A typical DL storage has certain of requirements:
- Support for standard protocols & file formats
- Support for migrating existing deep-learning models & datasets
- Fast access to stored data
- Easy to setup & configure
- Compatible with Python ETL ecosystyem
- Integration with Kubernetes for easy deployment
- Performance overhead due to JVM runtime
Considering these requirements is where the existing solutions fall short & this led to Nvidia building the open-sourced solution as AIStore.
Introducing AIStore
In this section we will take a high-level look at both AIStore(AIS) & WebDataset storage format.
AIS provides a scalable namespace over large number of storage disks where data is streamed between storage & compute nodes. AIS provides a S3 like interface supporting GET & PUT operations. It achieves high I/O by leveraging HTTP redirect where client accesses data objects by directly connecting to storage server holding that object. AIS provide data durability guarantees using typical storage techniques such as erasure-coding, N-way mirroring etc. It also integrates seamlessly with object stores such as S3. Written from ground up in Golang, it provides multiple deployment options such as Kubernetes.
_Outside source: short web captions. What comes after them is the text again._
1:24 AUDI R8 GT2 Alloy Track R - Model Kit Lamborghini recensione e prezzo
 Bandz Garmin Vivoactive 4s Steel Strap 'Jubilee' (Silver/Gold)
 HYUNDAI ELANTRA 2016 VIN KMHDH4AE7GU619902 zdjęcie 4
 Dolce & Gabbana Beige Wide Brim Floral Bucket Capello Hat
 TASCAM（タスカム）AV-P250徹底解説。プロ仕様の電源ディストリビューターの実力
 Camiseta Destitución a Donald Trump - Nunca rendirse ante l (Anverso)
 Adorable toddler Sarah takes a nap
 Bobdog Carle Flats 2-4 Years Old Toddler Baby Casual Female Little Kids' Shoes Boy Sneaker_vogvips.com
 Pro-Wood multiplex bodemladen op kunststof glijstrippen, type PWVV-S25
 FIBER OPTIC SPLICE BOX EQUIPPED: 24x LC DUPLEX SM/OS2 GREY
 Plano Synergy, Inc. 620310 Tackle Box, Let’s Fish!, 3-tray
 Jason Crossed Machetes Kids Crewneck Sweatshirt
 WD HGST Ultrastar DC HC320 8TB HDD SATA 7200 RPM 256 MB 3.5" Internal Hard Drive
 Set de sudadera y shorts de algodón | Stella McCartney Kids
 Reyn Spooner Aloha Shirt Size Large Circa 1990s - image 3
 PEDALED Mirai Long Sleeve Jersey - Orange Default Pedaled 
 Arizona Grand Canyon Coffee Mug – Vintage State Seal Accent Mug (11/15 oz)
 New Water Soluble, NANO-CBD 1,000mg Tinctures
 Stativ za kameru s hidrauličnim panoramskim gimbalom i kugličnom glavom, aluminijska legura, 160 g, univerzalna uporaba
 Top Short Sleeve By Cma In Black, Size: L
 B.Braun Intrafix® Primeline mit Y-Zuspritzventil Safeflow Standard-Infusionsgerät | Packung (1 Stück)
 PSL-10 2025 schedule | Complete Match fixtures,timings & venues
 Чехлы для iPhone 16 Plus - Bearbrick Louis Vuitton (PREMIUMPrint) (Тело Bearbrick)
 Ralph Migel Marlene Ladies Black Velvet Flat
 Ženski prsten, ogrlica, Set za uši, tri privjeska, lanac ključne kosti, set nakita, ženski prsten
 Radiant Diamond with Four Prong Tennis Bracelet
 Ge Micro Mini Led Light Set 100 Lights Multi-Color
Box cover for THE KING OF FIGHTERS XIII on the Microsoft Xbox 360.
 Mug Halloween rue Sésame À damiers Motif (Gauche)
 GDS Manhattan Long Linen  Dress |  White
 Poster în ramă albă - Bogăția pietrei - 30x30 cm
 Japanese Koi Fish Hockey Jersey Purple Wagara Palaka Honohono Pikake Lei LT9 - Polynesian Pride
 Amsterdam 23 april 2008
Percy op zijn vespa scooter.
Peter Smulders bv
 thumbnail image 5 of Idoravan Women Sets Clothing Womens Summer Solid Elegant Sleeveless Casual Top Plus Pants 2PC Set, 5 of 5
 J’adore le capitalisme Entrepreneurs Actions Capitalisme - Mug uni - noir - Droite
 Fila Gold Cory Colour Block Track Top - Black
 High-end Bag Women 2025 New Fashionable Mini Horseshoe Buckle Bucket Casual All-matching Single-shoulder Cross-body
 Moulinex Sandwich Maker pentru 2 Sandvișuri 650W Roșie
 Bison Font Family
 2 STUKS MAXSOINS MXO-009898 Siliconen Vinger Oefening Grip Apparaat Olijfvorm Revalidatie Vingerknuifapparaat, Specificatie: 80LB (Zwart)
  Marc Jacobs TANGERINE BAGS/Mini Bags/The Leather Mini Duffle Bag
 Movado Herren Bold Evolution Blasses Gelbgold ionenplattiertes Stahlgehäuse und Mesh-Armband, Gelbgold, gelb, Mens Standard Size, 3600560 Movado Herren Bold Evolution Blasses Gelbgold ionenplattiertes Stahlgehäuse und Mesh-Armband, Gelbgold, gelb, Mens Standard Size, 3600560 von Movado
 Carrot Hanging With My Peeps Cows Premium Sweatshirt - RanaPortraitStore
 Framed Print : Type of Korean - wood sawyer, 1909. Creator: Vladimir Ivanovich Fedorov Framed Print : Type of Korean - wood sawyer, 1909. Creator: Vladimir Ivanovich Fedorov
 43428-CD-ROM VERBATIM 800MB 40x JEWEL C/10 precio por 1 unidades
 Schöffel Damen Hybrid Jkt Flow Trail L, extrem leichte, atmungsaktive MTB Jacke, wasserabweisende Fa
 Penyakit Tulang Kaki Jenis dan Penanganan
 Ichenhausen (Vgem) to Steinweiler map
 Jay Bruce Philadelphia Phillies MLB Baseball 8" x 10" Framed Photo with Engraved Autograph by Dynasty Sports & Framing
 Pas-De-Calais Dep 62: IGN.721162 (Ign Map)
WebDataset are POSIX based tar files containing sample data which is stored next to each other in tar format. AIStore provides a Python library to support existing infrastructure in order to access sequential storage. The WebDataset library can read from multiple sources such as files, web servers etc.
Diving deeper
In this section we will look into challenges that a storage system suffers from & how AIStore tackles these challenges. One of these well know challenges is the small-file problem. A DL workload comprises of millions of small files making it even more challenging for the storage engine supporting the workload. One common solution to this problem is to combine multiple such small files into a larger file. AIS uses dSort(An extension to AIS) to create merged shards in parallel on storage nodes for optimal data transfer. AIS relies on GNU tar for aggregating smaller DL samples to bigger shards.
Another challenge is scalable storage access. Typical storage systems expose an endpoint to extract metadata for the stored files & then data endpoints to read the data. AIStore improves upon this by using HTTP redirect. So when a client requests for a data, the request is redirected to the storage node through AIS gateways. This way we avoid sending multiple calls to read the data. Also post redirection, clients directly interact with the data nodes & no data transfer takes place through AIS gateways.
To summarize, key ideas provided by AIS are:
- Supporting reads for larger data
- High-scale storage access
- Ease of deployment
- Direct access to storage nodes through HTTP redirect
With AIS, a typical data processing pipeline looks as below:
Conclusion
Benchmarks show that AIS proves to be similar to HDFS in terms of performance & this is a great result considering how mature HDFS ecosystem is. AIS tries to solve specific set of problems which are encountered while dealing with deep learning workloads. Such specialized storage systems will become more evident as we are seeing influx of AI applications. I plan on covering more papers about such storage systems in future. Happy learning!